- [RECORDS SHOWN]:
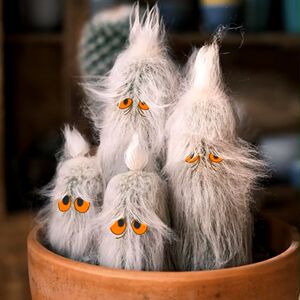 长毛老乐柱 白色仙人球防辐射办公室小盆栽桌面花卉软毛开花植物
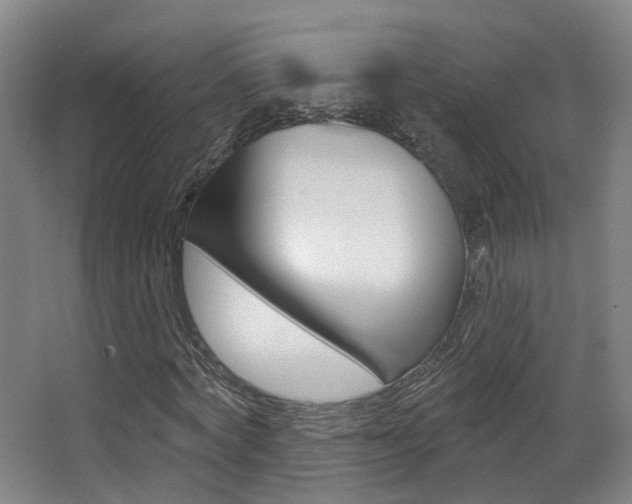 X0000062860772200601130947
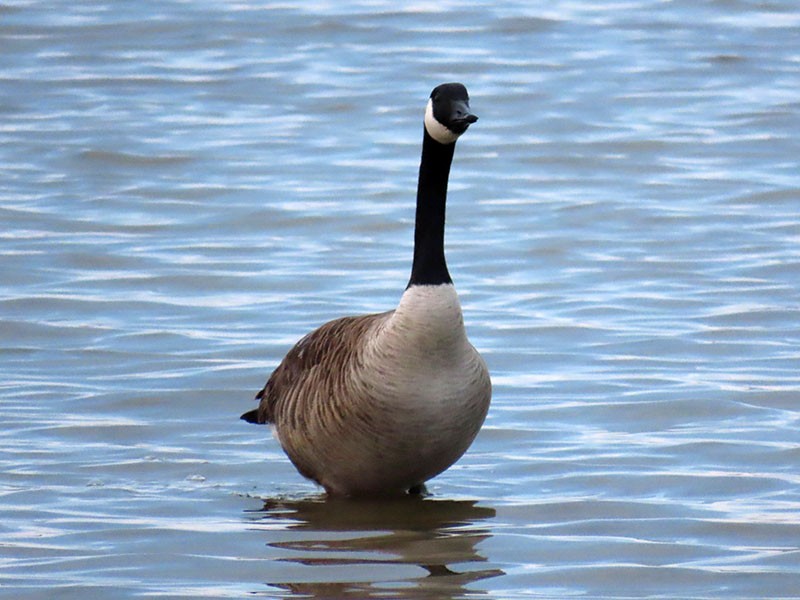 berneška velká - ML646804743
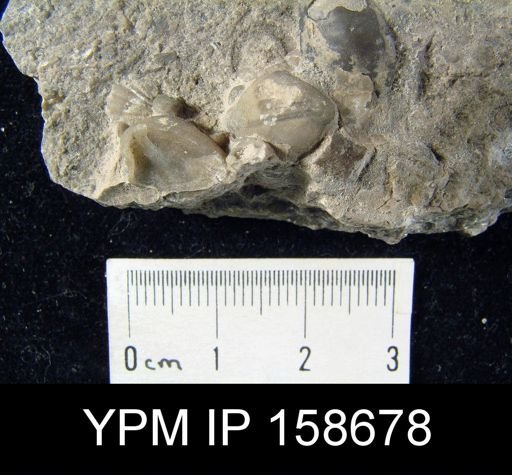 Pentamerus oblongus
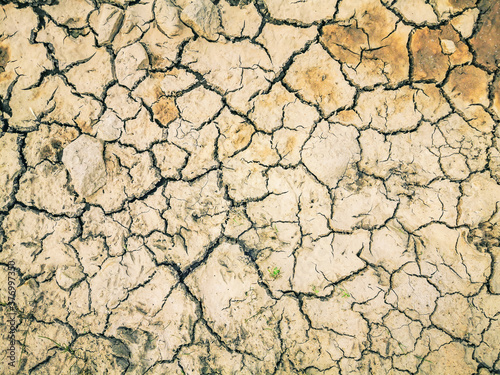 Dehydrated and cracked earth surface by the drought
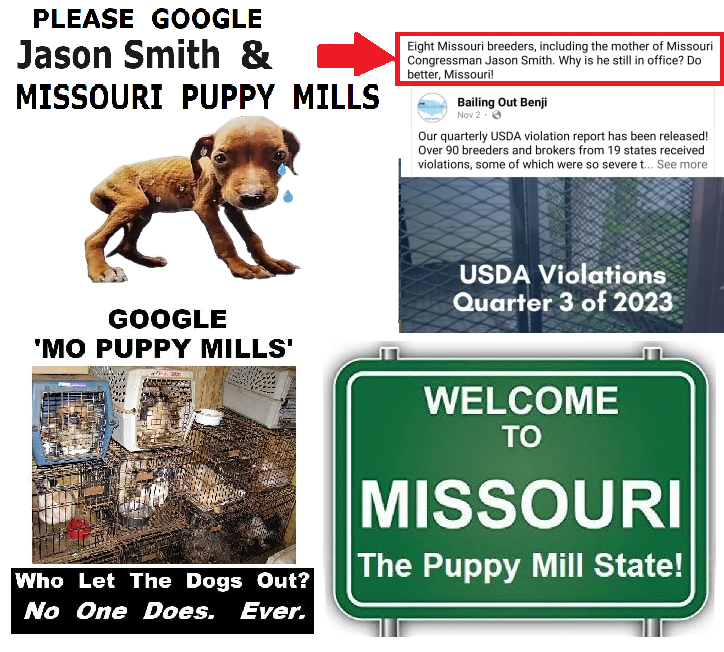 prettyinc's tweet image. "The righteous care for the needs of their animals, but the compassion of the wicked is cruel." 
Will Christians in the Missouri legislature do what's right or imitate Pontius Pilate?
#WWJD #MAGA #MOLEG #MOSEN #MISSOURIGOP #MOAGRICULTURE #WaysandMeansGOP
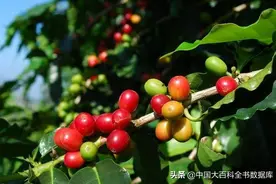 阿拉伯人一开始种植咖啡目的是将其作为胃药图片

- [YOUR ASSIGNMENT]: Where an entry holds an image, drop the image and copy the remaining text exactly.

- [TASK RESULT]:
 长毛老乐柱 白色仙人球防辐射办公室小盆栽桌面花卉软毛开花植物
 X0000062860772200601130947
 berneška velká - ML646804743
 Pentamerus oblongus
 Dehydrated and cracked earth surface by the drought
 prettyinc's tweet image. "The righteous care for the needs of their animals, but the compassion of the wicked is cruel." 
Will Christians in the Missouri legislature do what's right or imitate Pontius Pilate?
#WWJD #MAGA #MOLEG #MOSEN #MISSOURIGOP #MOAGRICULTURE #WaysandMeansGOP
 阿拉伯人一开始种植咖啡目的是将其作为胃药图片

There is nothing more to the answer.